◆ TASK DATA:
+++

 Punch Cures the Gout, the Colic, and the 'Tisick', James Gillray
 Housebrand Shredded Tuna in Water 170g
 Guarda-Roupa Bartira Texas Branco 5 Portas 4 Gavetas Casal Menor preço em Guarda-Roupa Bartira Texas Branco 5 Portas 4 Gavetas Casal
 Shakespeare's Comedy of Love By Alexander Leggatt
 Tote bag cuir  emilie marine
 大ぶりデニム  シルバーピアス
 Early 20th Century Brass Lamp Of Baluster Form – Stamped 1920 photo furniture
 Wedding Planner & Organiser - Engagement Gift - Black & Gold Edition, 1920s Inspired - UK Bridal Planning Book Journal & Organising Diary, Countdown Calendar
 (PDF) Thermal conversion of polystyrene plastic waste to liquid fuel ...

+++

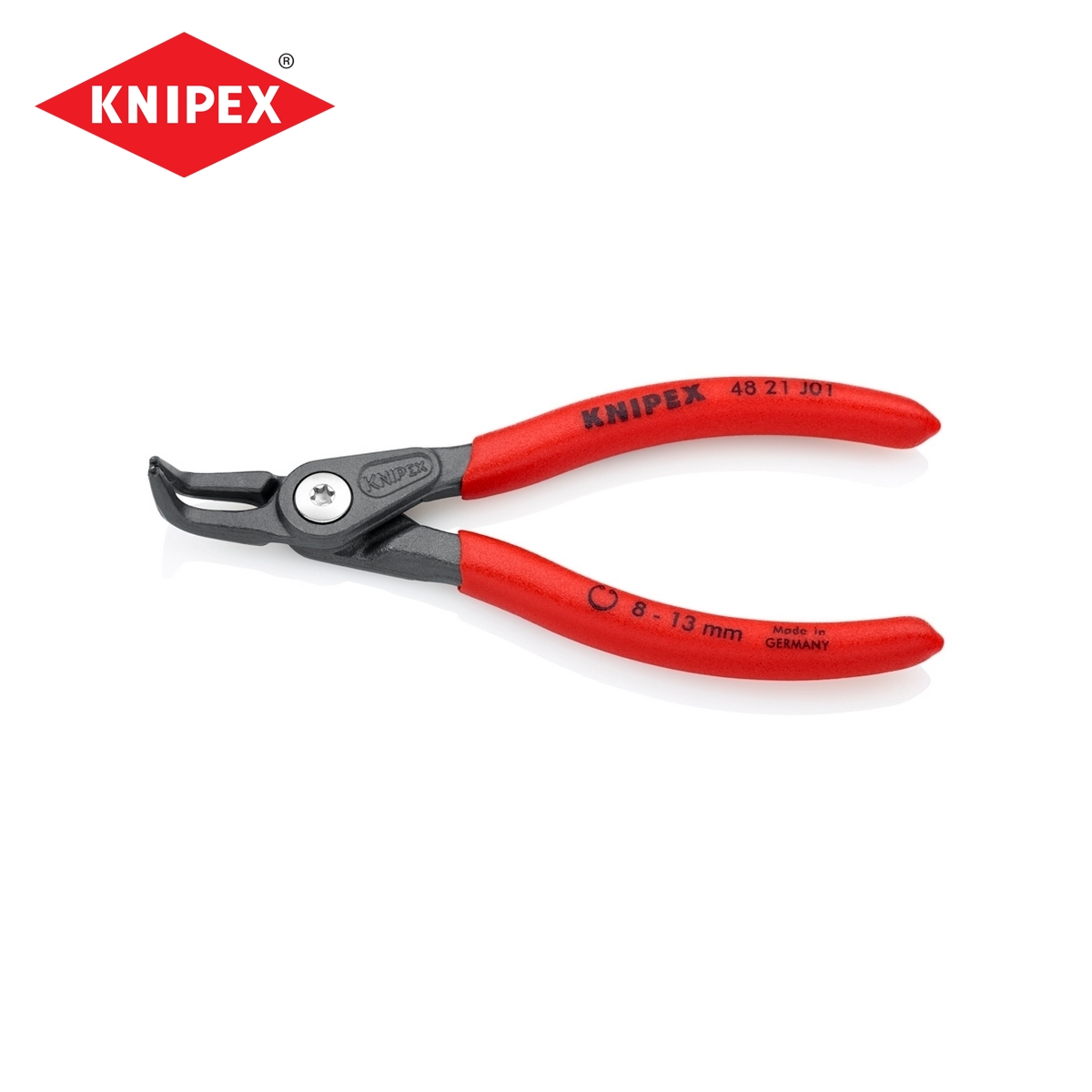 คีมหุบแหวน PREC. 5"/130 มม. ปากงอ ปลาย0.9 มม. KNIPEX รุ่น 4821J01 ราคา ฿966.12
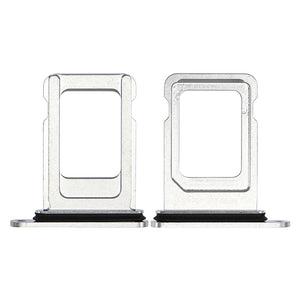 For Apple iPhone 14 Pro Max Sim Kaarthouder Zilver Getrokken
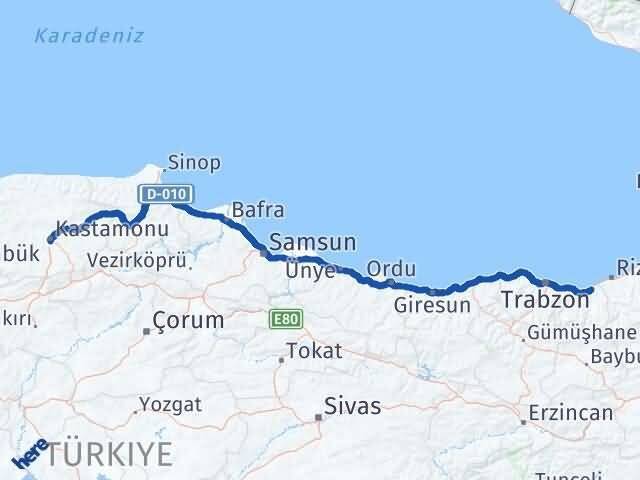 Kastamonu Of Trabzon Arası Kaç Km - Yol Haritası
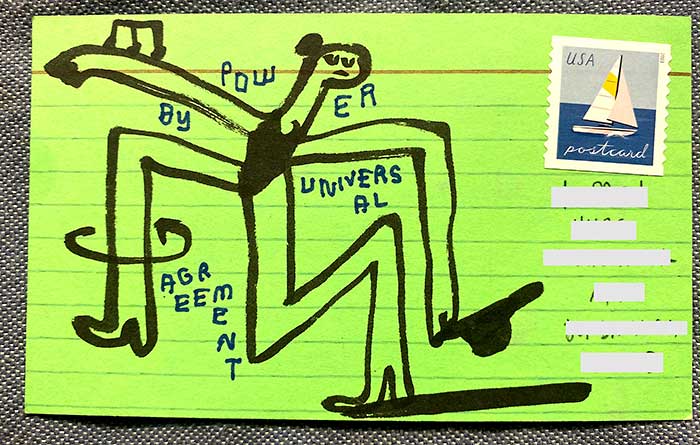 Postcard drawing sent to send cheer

+++

◆ PROBLEM REQUIREMENTS: Output only an exact transcription of the lines above from the one with "Wedding Planner &" up to and including the one with "(PDF) Thermal conversion".

◆ TASK RESPONSE:
 Wedding Planner & Organiser - Engagement Gift - Black & Gold Edition, 1920s Inspired - UK Bridal Planning Book Journal & Organising Diary, Countdown Calendar
 (PDF) Thermal conversion of polystyrene plastic waste to liquid fuel ...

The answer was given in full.